Stochastic equations with singular drift driven by fractional Brownian motion
Oleg Butkovsky, Khoa Lê, Leonid Mytnik
TL;DR
This work analyzes stochastic differential equations driven by fractional Brownian motion with singular drifts, establishing weak existence under a fractional Krylov–Röckner-type condition and proving optimality via counterexamples. It extends the SDE framework to drift terms that are measures or Besov-space functions, linking regularized solutions to measure-valued formulations through local time and occupation densities. A novel stochastic sewing approach, including a Rosenthal-type refinement and random controls, enables sharp bounds on drift integrals and local time construction, avoiding Girsanov-type methods.

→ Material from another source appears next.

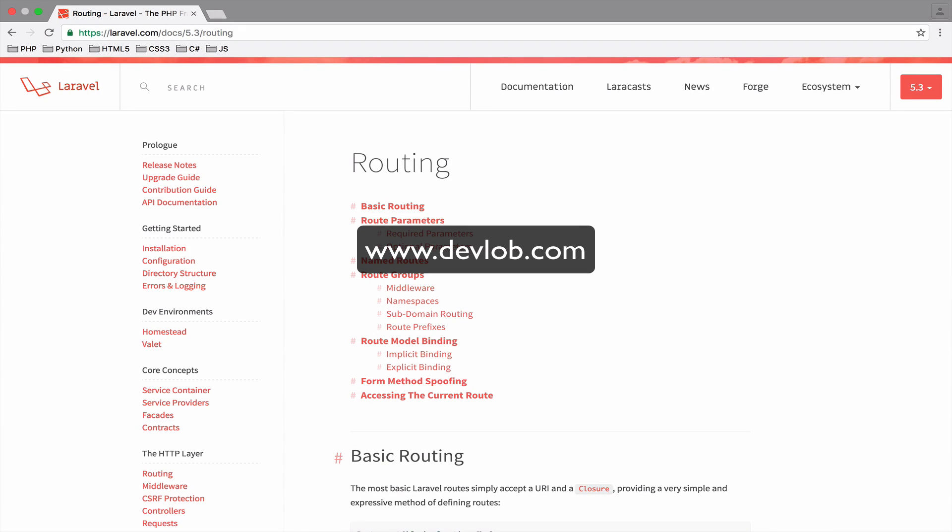Before we start our first coding video, I want to explain how I'm planning to teach Laravel during the next videos.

The results uncover regularization-by-noise phenomena for fractional noise, provide strong well-posedness in 1D under improved thresholds, and offer a robust toolkit potentially applicable to SPDEs and other rough-noise settings.
Abstract
We consider stochastic differential equation $$ d X_t=b(X_t) dt +d W_t^H, $$ where the drift $b$ is either a measure or an integrable function, and $W^H$ is a $d$-dimensional fractional Brownian motion with Hurst parameter $H\in(0,1)$, $d\in\mathbb{N}$. For the case where $b\in L_p(\mathbb{R}^d)$, $p\in[1,\infty]$ we show weak existence of solutions to this equation under the condition $$ \frac{d}p<\frac1H-1, $$ which is an extension of the Krylov-Röckner condition (2005) to the fractional case. We construct a counter-example showing optimality of this condition. If $b$ is a Radon measure, particularly the delta measure, we prove weak existence of solutions to this equation under the optimal condition $H<\frac1{d+1}$. We also show strong well-posedness of solutions to this equation under certain conditions. To establish these results, we utilize the stochastic sewing technique and develop a new version of the stochastic sewing lemma.